Vienna and Mitchell joke that the prairie dogs enjoyed a short vacation, inside, as they waited for their new homes to be built.

In reality, the team captured all 120 prairie dogs and moved them, in small animal carriers, to a barn on one of Vienna’s development properties in Berthoud. There, they were fed, watered and tended daily, living inside the barn in a holding facility from late August until early December.

Meanwhile, the people who were tending to them were working on creating their new neighborhood.

The developer dug the burrows with heavy equipment and then made them with PVC pipe in an area across the property but with much more native vegetation for the animals to forage. They followed direction from the Prairie Dog Coalition’s experts to create a neighborhood very similar to the original.

Mitchell and Vienna, along with the volunteers checked on the critters daily and made sure they were healthy and ready, on a day in December, to return to their new homes. The critters were so well fed that, when it came time to release them, the team worried they might be too plump to fit into their burrows.

“It’s already their neighborhood, we just moved their homes … to the high-rent district,” Mitchell said.

Sterling Krank and her team had tracked which prairie dogs were in each family unit and where they lived in their original neighborhood and made sure to return each animal to the right spot, using science to ensure success.

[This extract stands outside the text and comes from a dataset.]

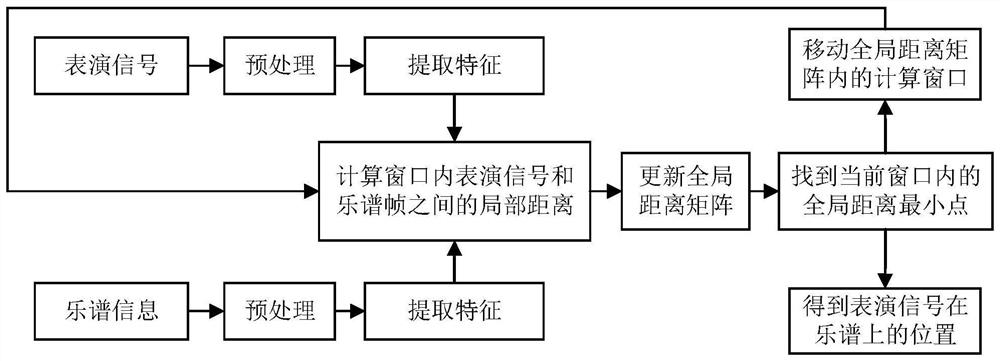 Accompaniment method for actively following music signals and related equipment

“They tried to put everybody in the same spacial relation,” said Mitchell. “They managed to relocate them to the individual level.”

“It turned out to be successful beyond our wildest dreams,” said Mitchell.

A model for the future

While this relocation was a success, Mitchell hopes it also will serve as a model for the future. He hopes that other developers will follow suit and find ways to preserve nature, including prairie dogs, to boost the overall ecosystem.

Because not all developments have an on-site location to move prairie dogs, Mitchell would like to see several large chunks of land donated as relocation sites within the county. Perhaps a landowner who has sold off mineral rights and is left with a dryland prairie would step up with land to allow more success stories like the one in west Loveland, Mitchell said.

As for the prairie dogs at the Boedecker Lake site, for now they are in an enclosure with barriers to prevent them from spreading to the construction site.

Eventually that barrier will be in the form of fences for surrounding homes, and the prairie dogs will have free run of the natural area that is on the southwest end of the development, bordering a strip of property that the city of Loveland bought, along with the surface rights to the water, for a future natural area and trail. (That deal, again, was brokered by Mitchell through the overall developer, Jim Righeimer.)

The project, Mitchell described, balances development with environmentalism, two goals often thought of as opposing interests but that, as shown by this project can thrive as partners.

He added, “Saving the environment, respecting nature, doing the right thing, it’s all hard work and dedication and inspired people trying to make a difference.”